Baubotanik
Baubotanik beschreibt eine Bauweise, bei der Bauwerke durch das Zusammenwirken technischen Fügens und pflanzlichen Wachsens entstehen. Dazu werden lebende und nicht-lebende Konstruktionselemente so miteinander verbunden, dass sie zu einer pflanzlich-technischen Verbundstruktur verwachsen: Einzelne Pflanzen verschmelzen zu einem neuen, größeren Gesamtorganismus und technische Elemente wachsen in die pflanzliche Struktur ein. Für diesen Ansatz wurde 2007 am Institut Grundlagen moderner Architektur (IGMA) der Universität Stuttgart der Begriff Baubotanik etabliert und das Forschungsgebiet Baubotanik gegründet. Seit März 2017 ist das Forschungsgebiet an der Professur für Green Technologies in Landscape Architecture der TUM angesiedelt und wird dort in einem breiten, interdisziplinären Netzwerk weiterentwickelt.

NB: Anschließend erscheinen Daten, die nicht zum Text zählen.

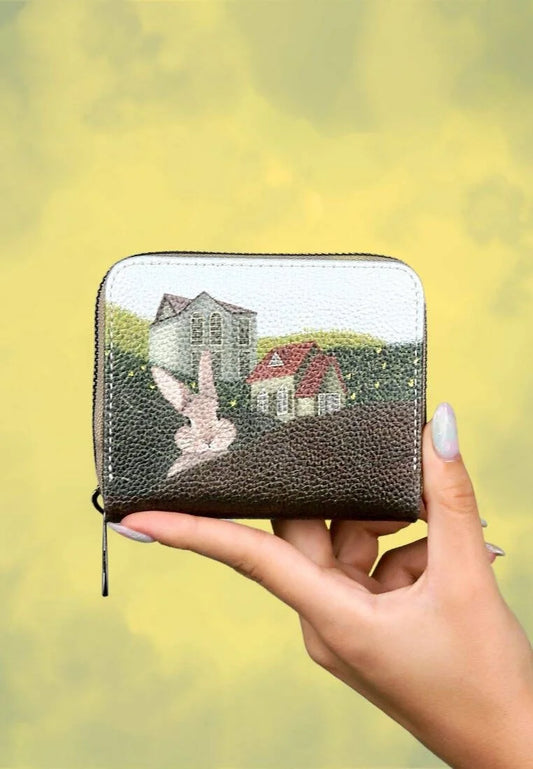 Women Multicolor Wallet - Going on an Adventure Design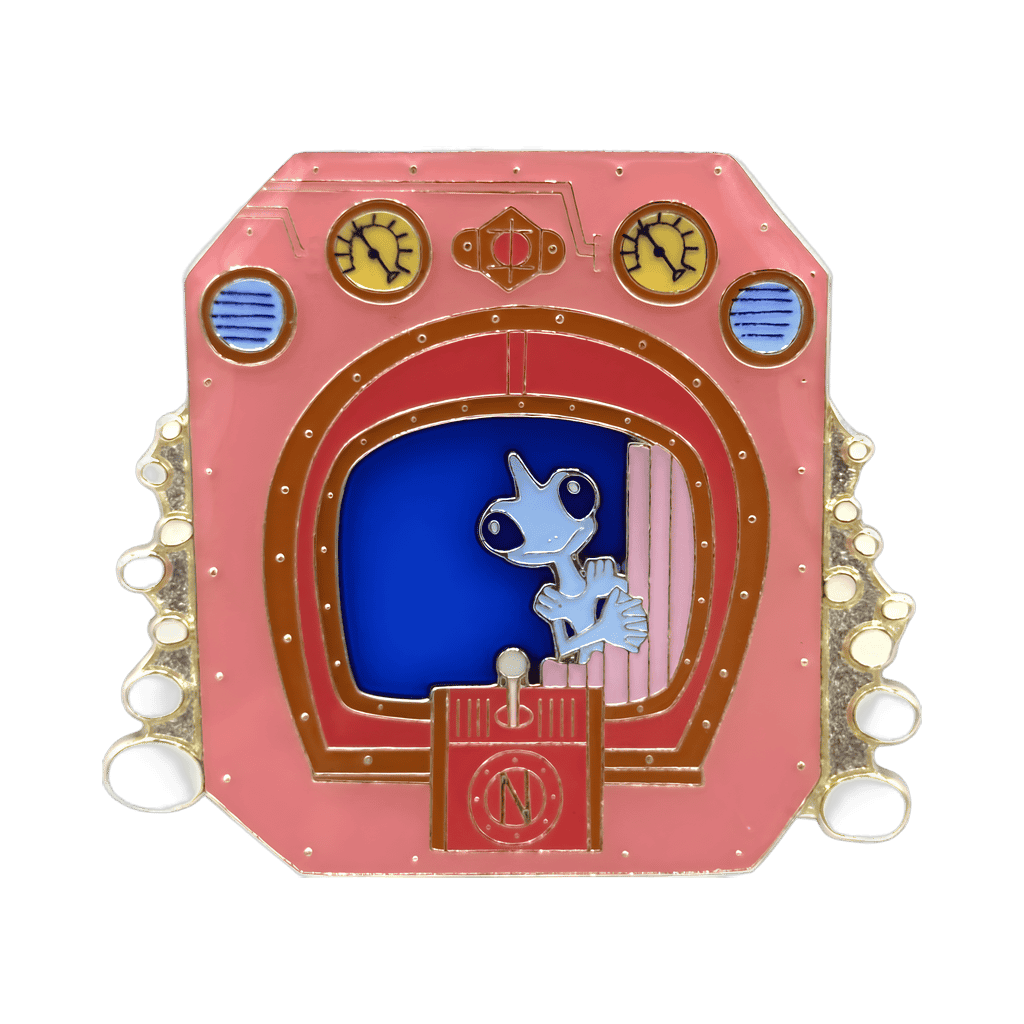Mystery Collection - 20,000 Leagues Under the Sea Porthole Disney pin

Bäume und deren Wachstumsprozesse zu nutzen, um lebende Bauwerke entstehen zu lassen, ist ein Ansatz, der in der Geschichte in vielfältiger Form immer wieder aufscheint und über eine eigene Tradition visionärer Entwürfe verfügt. Als wichtige historische Referenzen der Baubotanik seien hier die lebenden Brücken der Khasi und die Tanzlinden genannt. Während die lebenden Brücken eine archaische Möglichkeit aufzeigen, mit lebenden Bäumen Konstruktionen beeindruckender Größe und Tragfähigkeit zu schaffen, stehen Tanzlinden für einen architektonisch-gärtnerischen Ansatz, Pflanzenräume mit besonderer Aufenthaltsqualität zu schaffen.
Die Professur für Green Technologies in Landscape Architecture forscht im Bereich der Baubotanik in interdisziplinären Projekten auf unterschiedlichen Maßstabsebenen. Aktuell werden baubotanische Techniken und botanische Grundlagen in mehreren Testfeldern untersucht. Durch Entwurf, Umsetzung und wissenschaftliche Begleitung von Versuchsbauwerken werden Erkenntnisse zum Transfer der Forschungsergebnisse in die Praxis gesammelt. Die Lebenden Brücken werden als historische Beispiele botanischer Architektur und als Modelle für ökologische und soziale Nachhaltigkeit untersucht. Baubotanische Bauwerke sind als „begehbare Bäume“ als neue freiräumliche Typologien zu verstehen. Im Forschungsvorhaben „Vertikale Freiräume“ werden derartige Typologien systematisch aufgearbeitet und anhand eines research-by-design-Ansatzes untersucht.